Work instruction
Leave out every picture, and output exactly the lines from the line containing "ROCKSHOX Judy (1997) XC Fork Decal Set" through the last line of the data.

Data for analysis
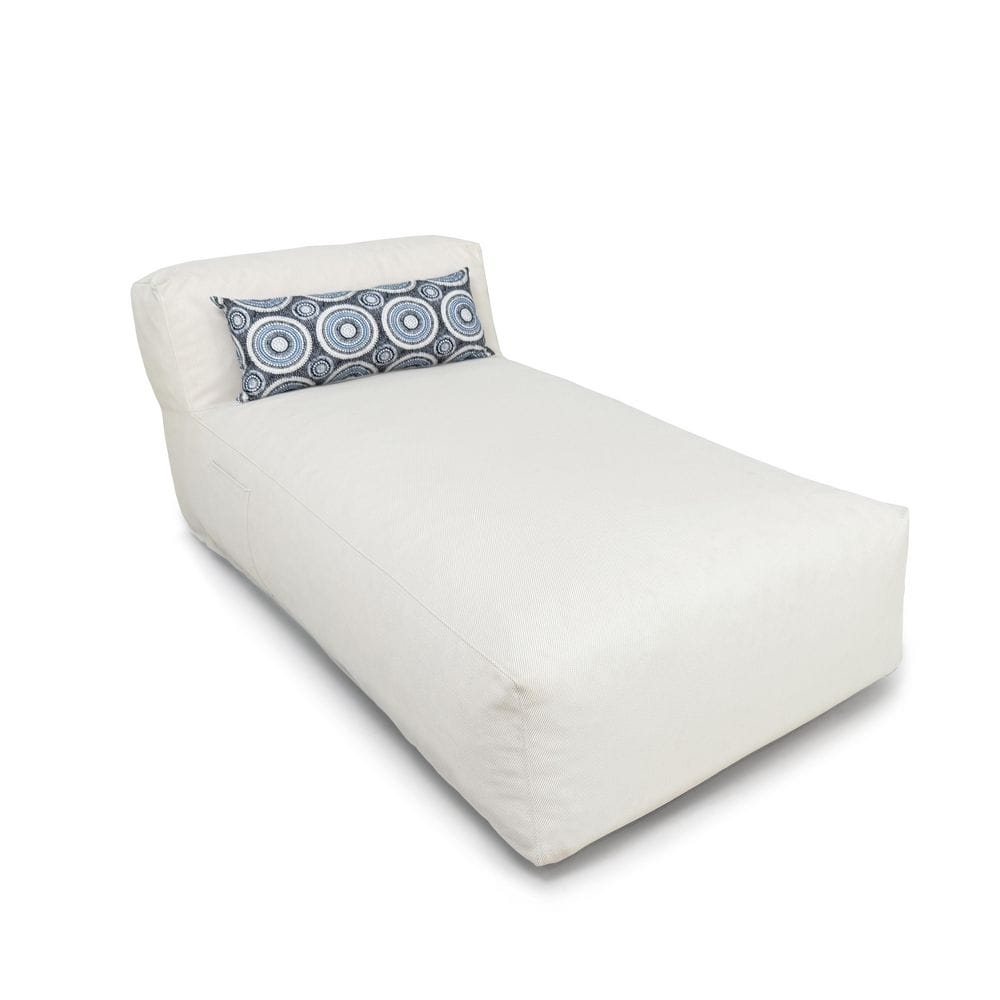 1-Piece Beige Outdoor Bean Bag Chaise Lounge price history on PriceWatchPro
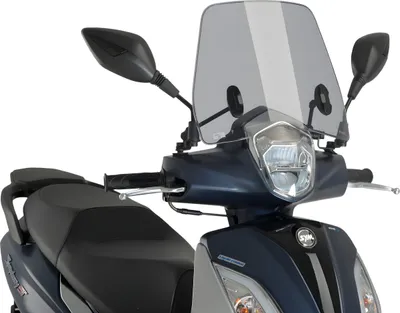 Produktbild von Windschild Puig Trafic 310x370mm mit ABE, Smoke für SYM Symphony ST 125 LC 21-22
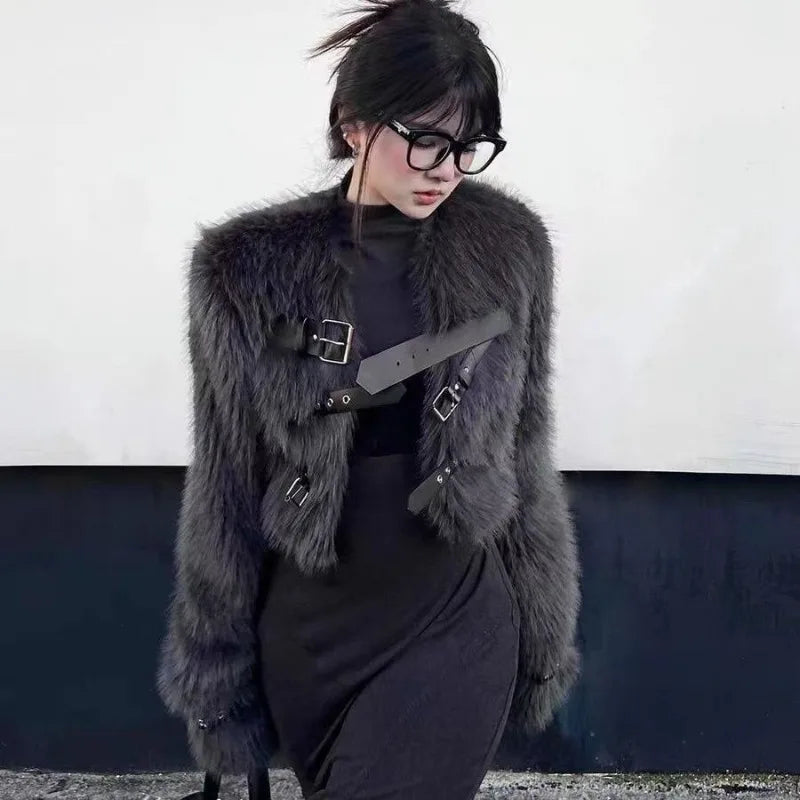 Advbridge Luxury Fur Coat Autumn Winter Tailoring Faux Fur Jacket Women Long Sleeve Tops Streetwear Design Outerwear Trend Warm Coats New Trench Coat Raincoat Waterproof Jacket Advbridge Luxury Fur Coat Autumn Winter Tailoring Faux Fur Jacket Women Long Sleeve Tops Streetwear Design Outerwear Trend Warm Coats New Trench Coat Raincoat Waterproof Jacket
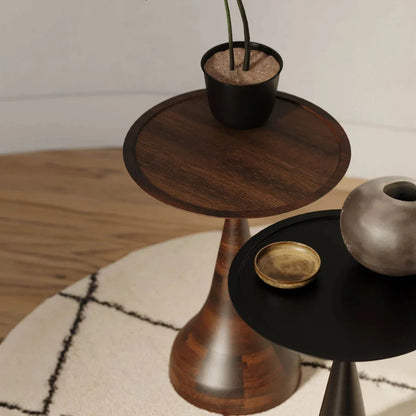 Polina Wooden Round Stylish Side Table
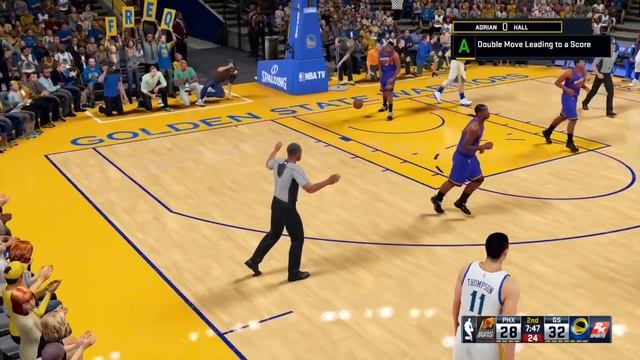 NBA 2K16 MyCAREER - EPIC 1st Home Game! Klay BOOMS On B.Knight! смотреть онлайн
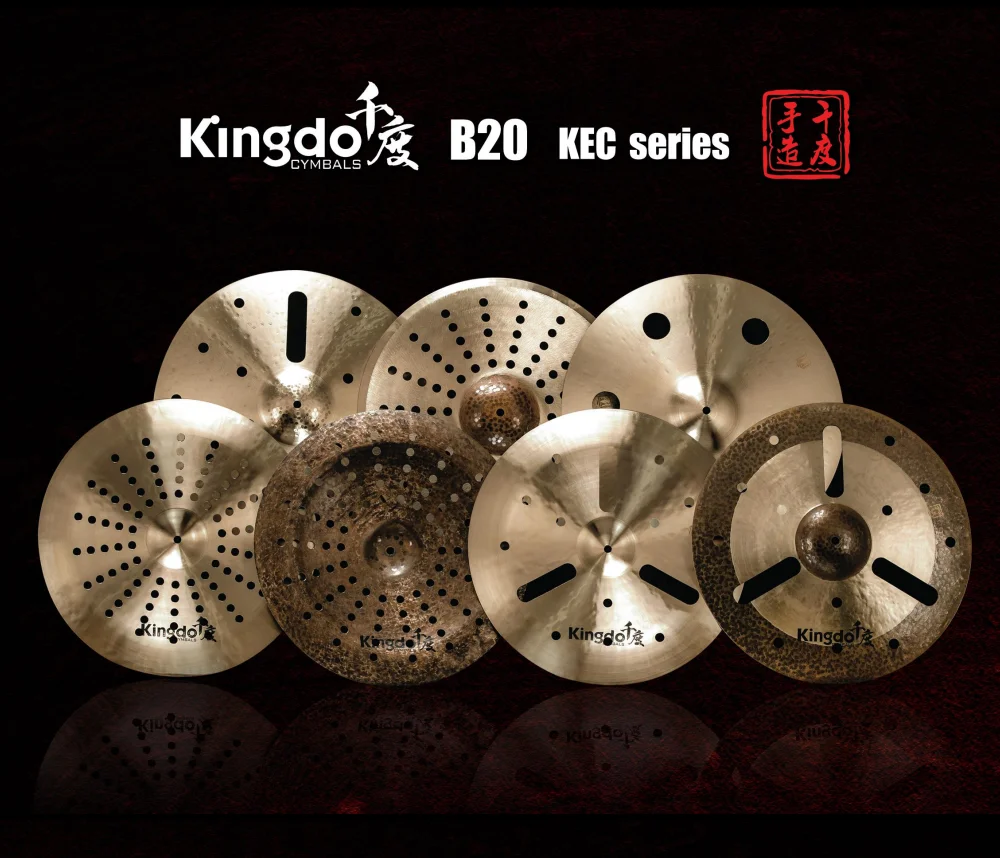 Kingdo high quality B20 kec o-zone china effects cymbals for pop music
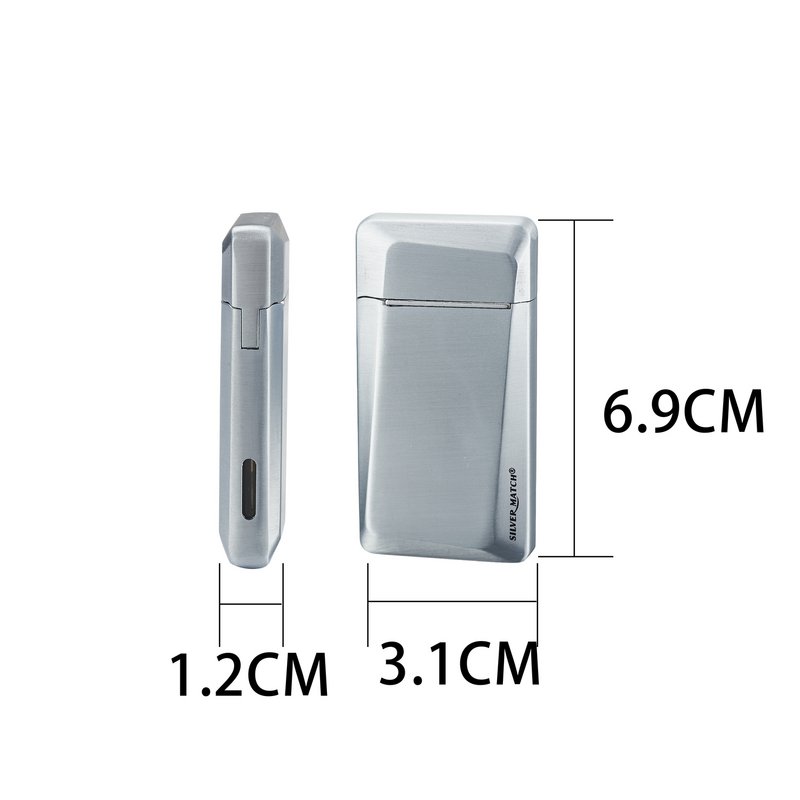 Briquet jet flame Sydney Silver Match
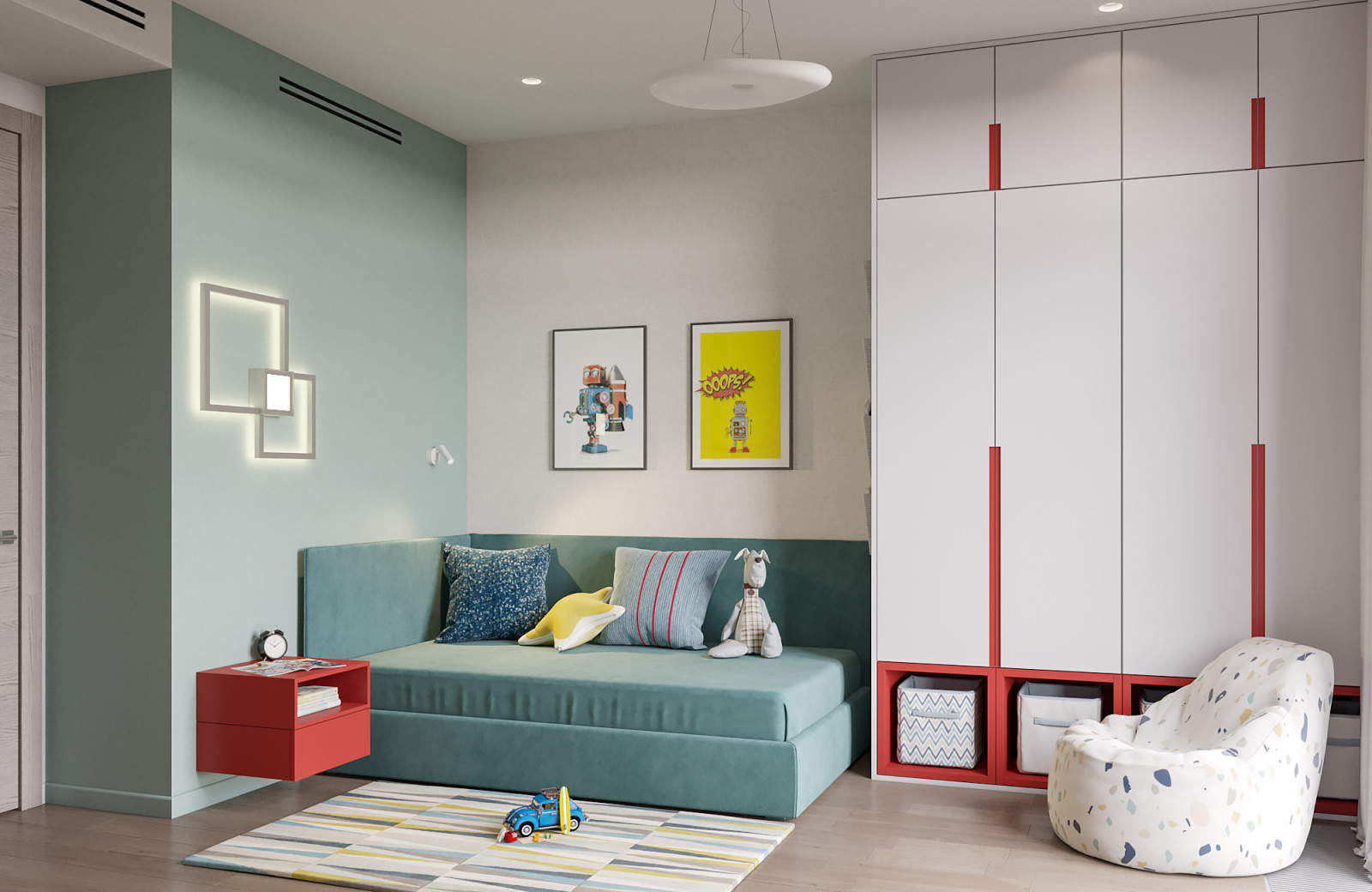 Дизайн-проект квартиры, ЖК "Зиларт"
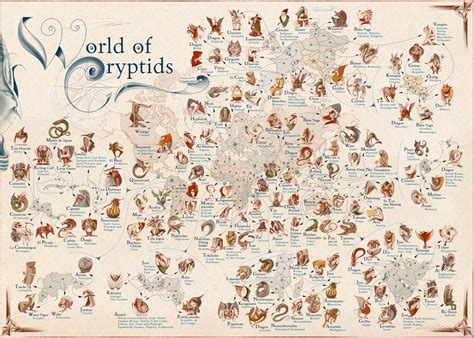 Map Shares Every Countrys Most Famous Mythical Creature Nerdist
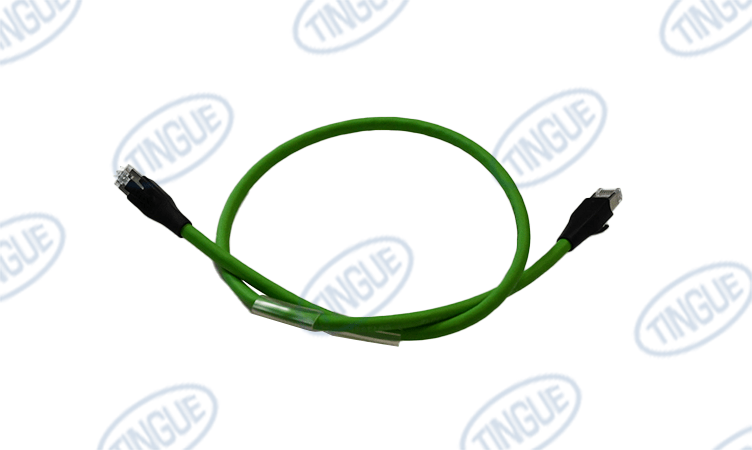 shop.tingue.com T-11 CABLE, ETHERNET 6A, STRAIGHT 0.5 METER. RPLCES 2025120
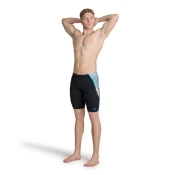 Mens swimsuit arena planet water swim jammer black/white multi xl -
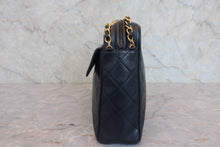 将图片加载到图库查看器,CHANEL/香奈儿 CF 流苏 链条 肩背包 羊皮 Navy/Gold hadware(藏蓝色/金色金属) 肩背包 800020188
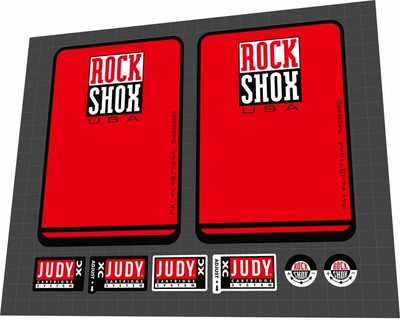 ROCKSHOX Judy (1997) XC Fork Decal Set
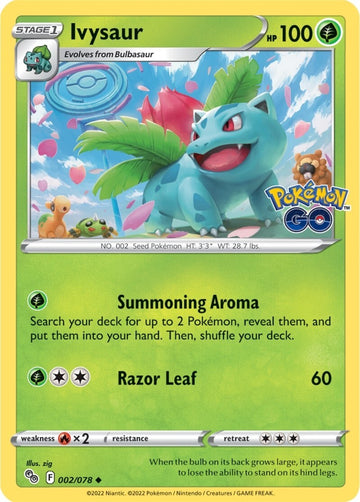 Ivysaur [002/078] [Pokemon GO] Reverse Holofoil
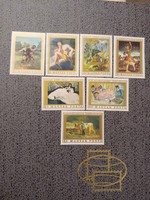 Festmények postatiszta bélyegsor 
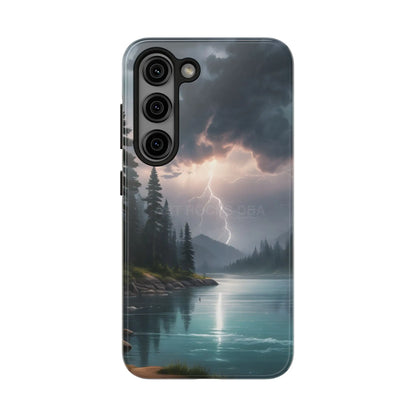 Stormy Lake Tough Phone Cases for Adventurers Protective Phone Cover Outdoor Enthusiast Gift Stylish Cases for Nature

Result below
 ROCKSHOX Judy (1997) XC Fork Decal Set
 Ivysaur [002/078] [Pokemon GO] Reverse Holofoil
 Festmények postatiszta bélyegsor 
 Stormy Lake Tough Phone Cases for Adventurers Protective Phone Cover Outdoor Enthusiast Gift Stylish Cases for Nature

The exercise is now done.